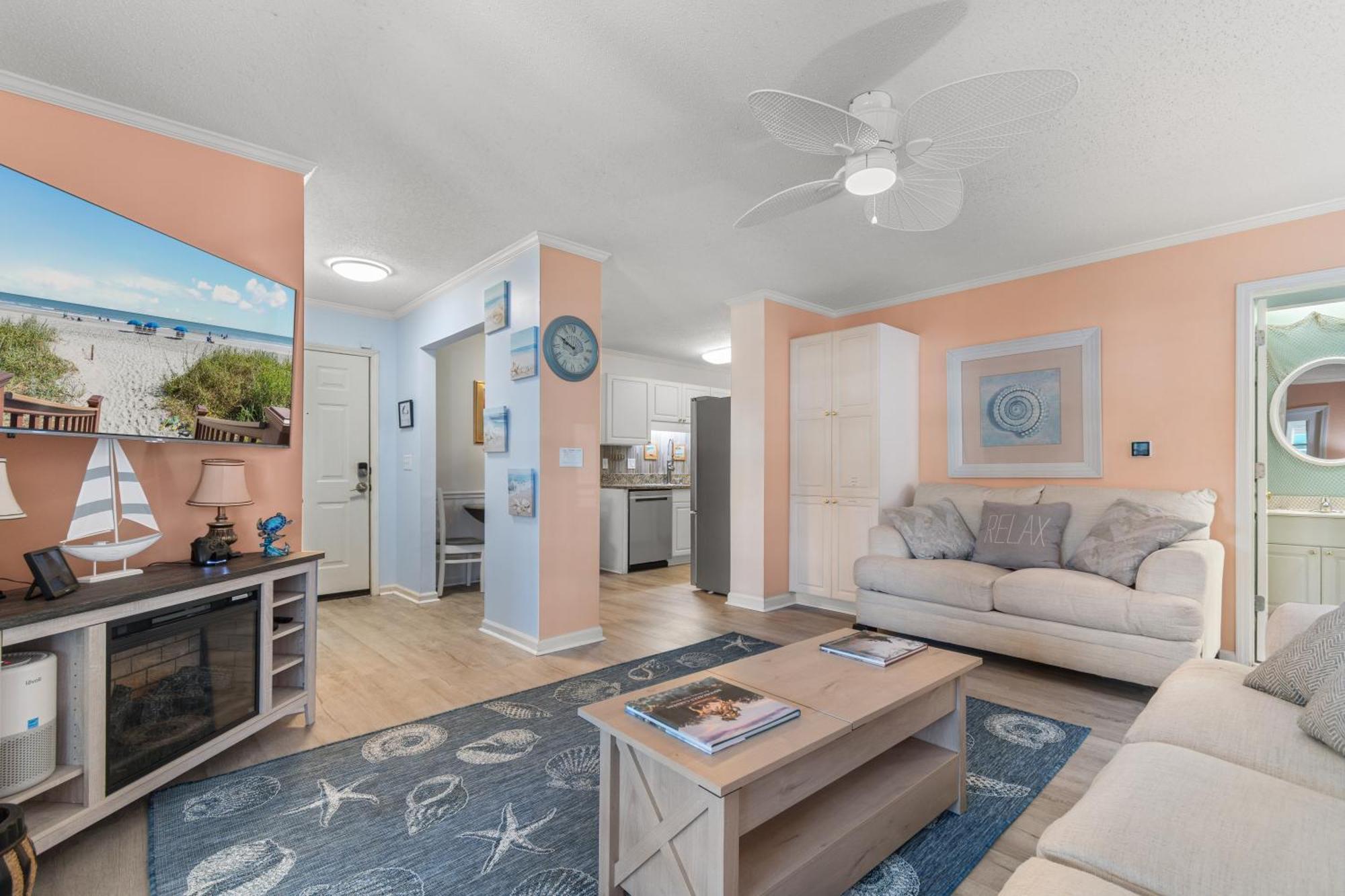 Charming In Savannah Shores- No Stairs! Close To Beach! Apartment *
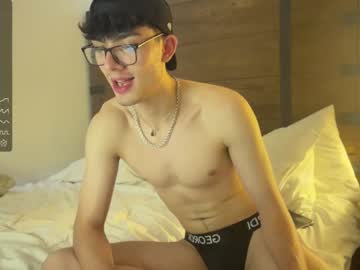 man cam brandon_naud image #3638006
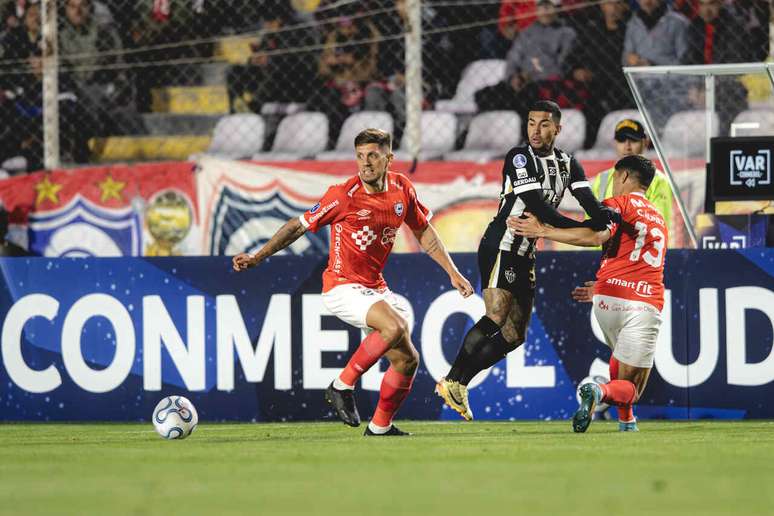 Dudu, bem marcado, nada faz na derrota do Galo para o Cienciano.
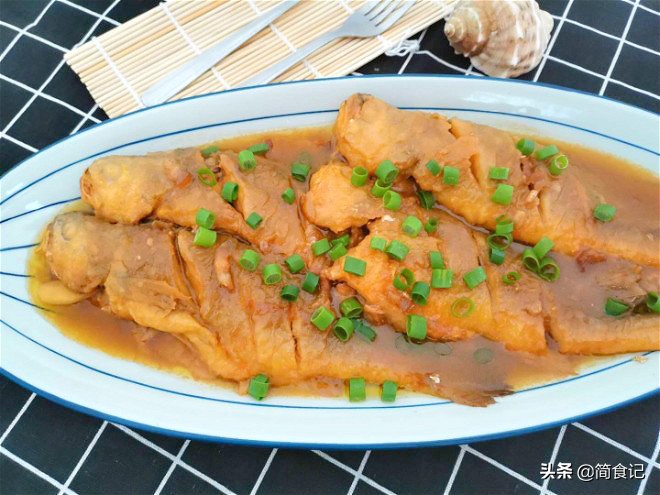 家常炖鱼需要放醋吗,炖鱼需要加醋吗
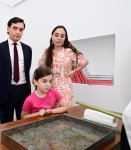 Лейла Алиева ознакомилась с произведениями первого Бухарского биеннале (ФОТО)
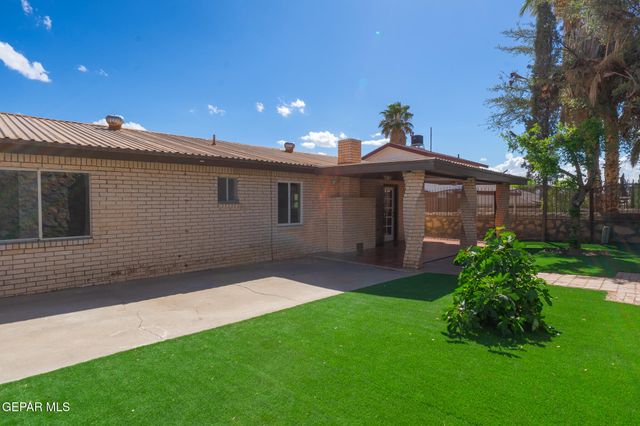 11737 CHITO SAMANIEGO Drive, El Paso, TX 79936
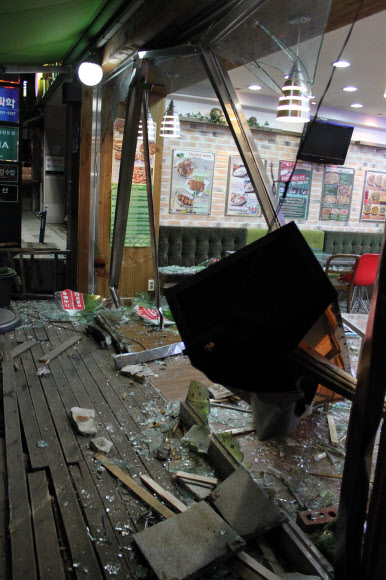 15일 오후 11시께 울산시 남구의 한 피자가게에 에쿠스 승용차가  덮쳐 상가가 부서졌다. 연합뉴스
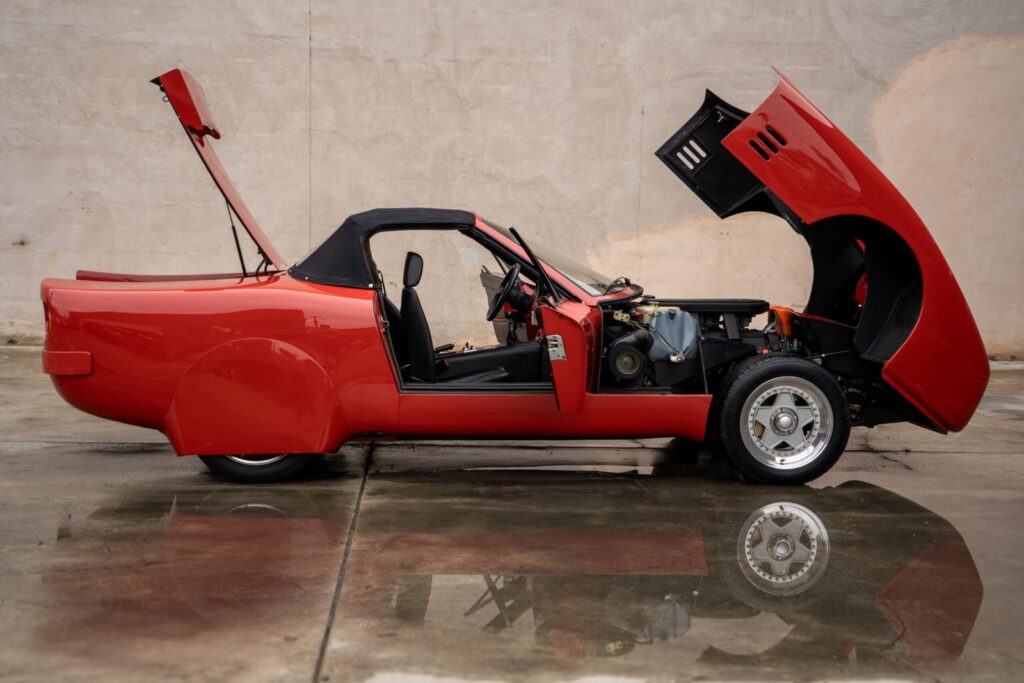 1969 Ferrari 365 NART Speciale Spyder #12611GT | Exterior View 98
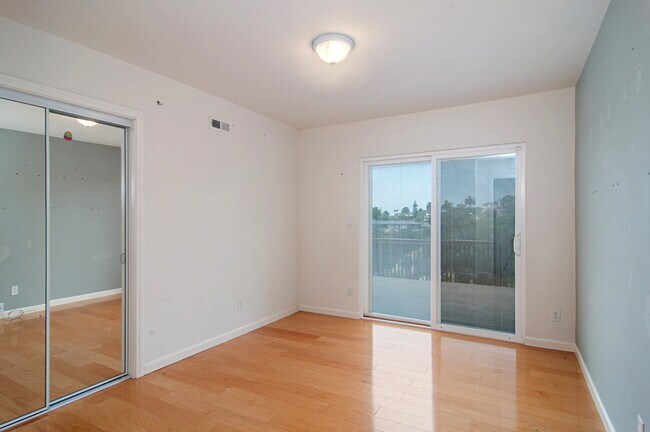 Building Photo - LIVE IN LA JOLLA!  LOVELY LA JOLLA HOME WI...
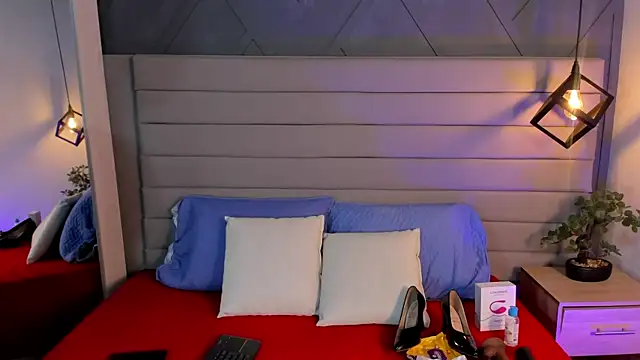 LadyLuminary online show from 11-07-25, 07:29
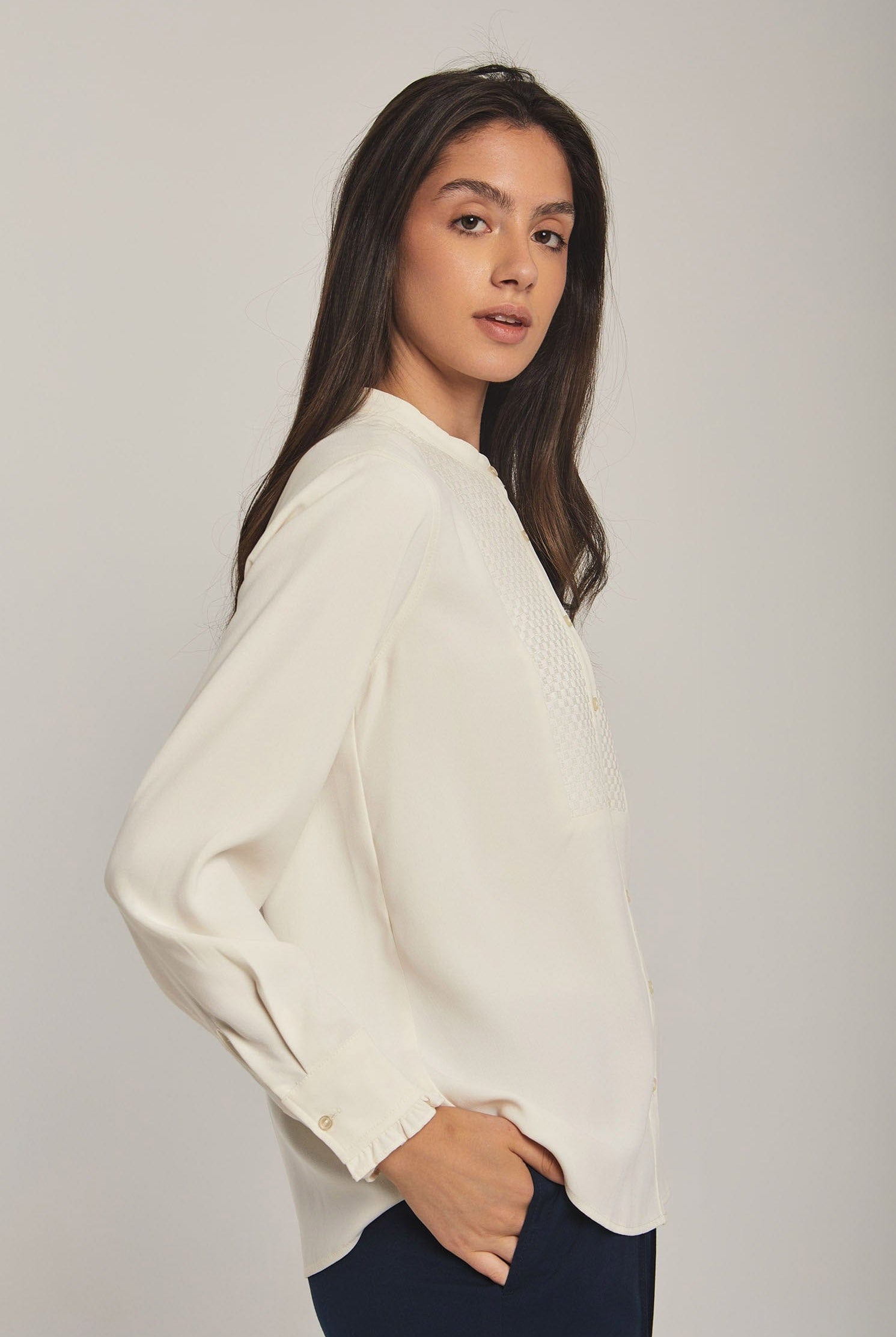 داليدرس بلوزة نسائية كلاسيك بأزرار أمامية كم طويل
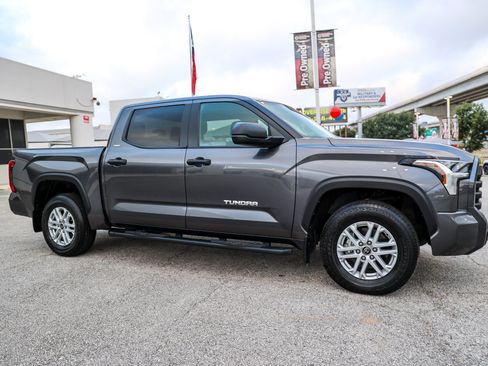 Used 2024 Toyota Tundra SR5 RWD image 6
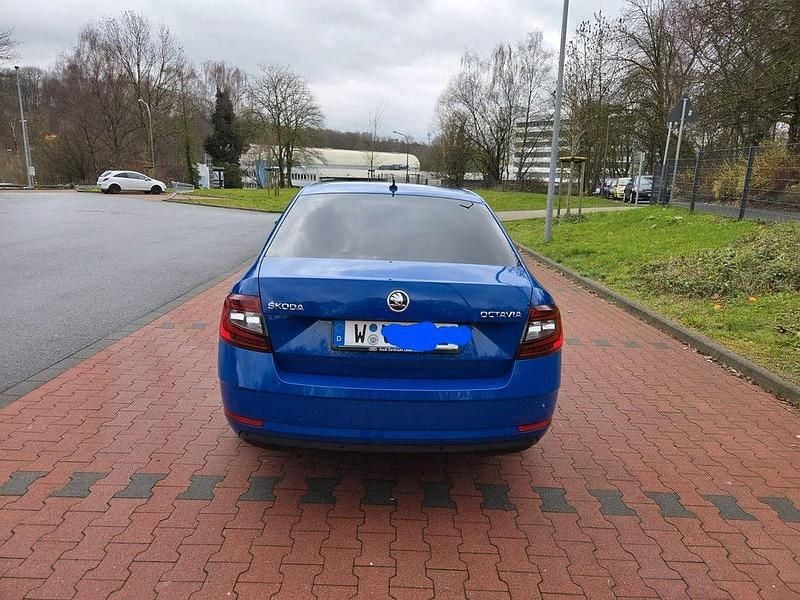 Gebraucht Skoda Octavia Soleil 116 PS (85 kW) 2019 Blau Limousine
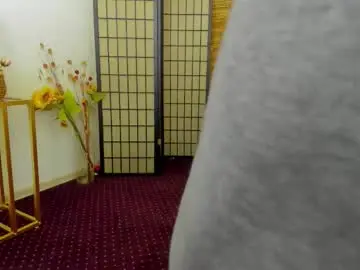 Chaturbate Live Sex Cam of aisharouhi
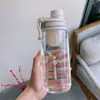 Garrafa de água esportiva de grande capacidade, design estiloso para homens e mulheres, perfeita para o verão, simples e durável, resistente ao calor, com infusor de chá, e feita de plástico, tornando-a resistente a quedas
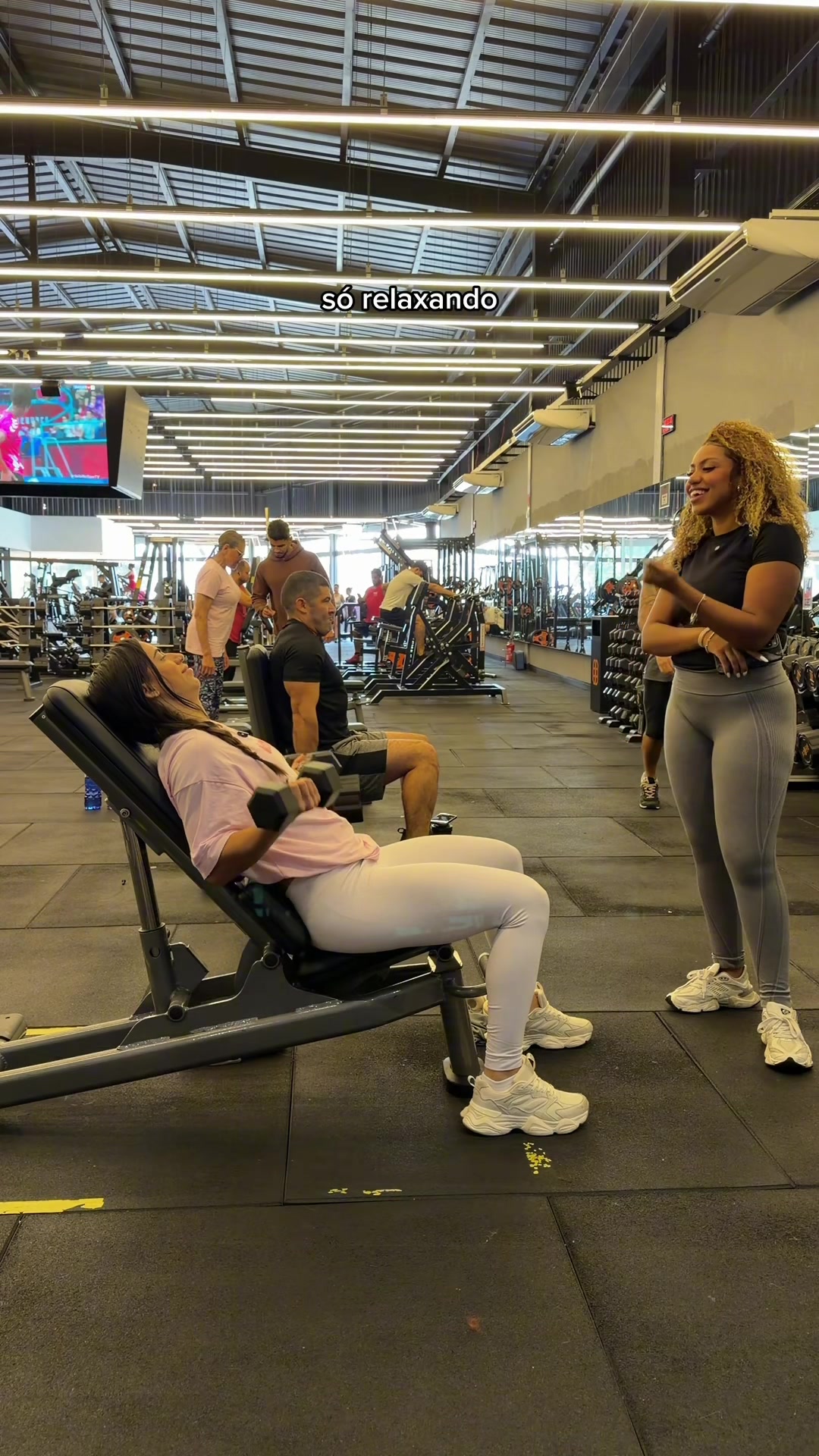 @karoliv_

================

• _Task instructions_
Find where the line with "Лейла Алиева ознакомилась" sits in the material above and where the line with "Building Photo - LIVE" sits. Set down exactly the lines from the first to the second, both included and nothing else, without pictures.

• _Task result_
 Лейла Алиева ознакомилась с произведениями первого Бухарского биеннале (ФОТО)
 11737 CHITO SAMANIEGO Drive, El Paso, TX 79936
 15일 오후 11시께 울산시 남구의 한 피자가게에 에쿠스 승용차가  덮쳐 상가가 부서졌다. 연합뉴스
 1969 Ferrari 365 NART Speciale Spyder #12611GT | Exterior View 98
 Building Photo - LIVE IN LA JOLLA!  LOVELY LA JOLLA HOME WI...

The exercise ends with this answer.